Madonna, Katy Perry, Bruno Mars… por que artistas pop escolheram o Brasil em 2024?


Ano foi marcado por visitas ‘especiais’ de artistas para promover seus trabalhos. Rosé, Katy Perry, Bruno Mars, Madonna e The Weeknd vieram ao Brasil para ‘ocasiões especiais’ em 2024
Reprodução
A visita surpresa de Beyoncé à Bahia, no fim de 2023, foi quase um presságio sobre o ano que estava por vir. Em 2024, o Brasil foi um destino visado por muitos artistas pop, que escolheram o país para vindas especiais – e acontecimentos que geralmente são reservados ao hemisfério norte.
Afinal, só neste ano:
Madonna fez o maior show da sua carreira na Praia de Copacabana;
The Weeknd fez uma apresentação única e exclusiva, com músicas inéditas, em São Paulo;
Katy Perry escolheu lançar um disco na data de seu show no Rock in Rio;
Bruno Mars fez uma longa passagem pelo Brasil, com direito a aniversário, ida a jogo de futebol e posts especiais;
Rosé, do Blackpink, veio ao Rio de Janeiro para encontrar “Bruninho”, no dia do lançamento da parceria “APT”.

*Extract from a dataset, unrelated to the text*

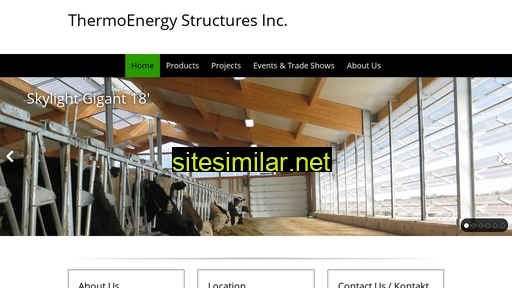 thermoenergystructures.ca alternative sites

Não é exagero dizer que, em 2024, o “Come to Brazil” foi levado à sério. Artistas entenderam o Brasil não só como um bom local para vender shows, mas como uma das melhores ferramentas de promoção para os seus trabalhos. Mas afinal, o que tem atraído os grandes nomes pop ao Brasil?
O país do engajamento
Trazer um show ou uma oportunidade exclusiva para cá é uma ótima notícia para os fãs brasileiros. Mas se engana quem pensa que a vantagem é somente nossa.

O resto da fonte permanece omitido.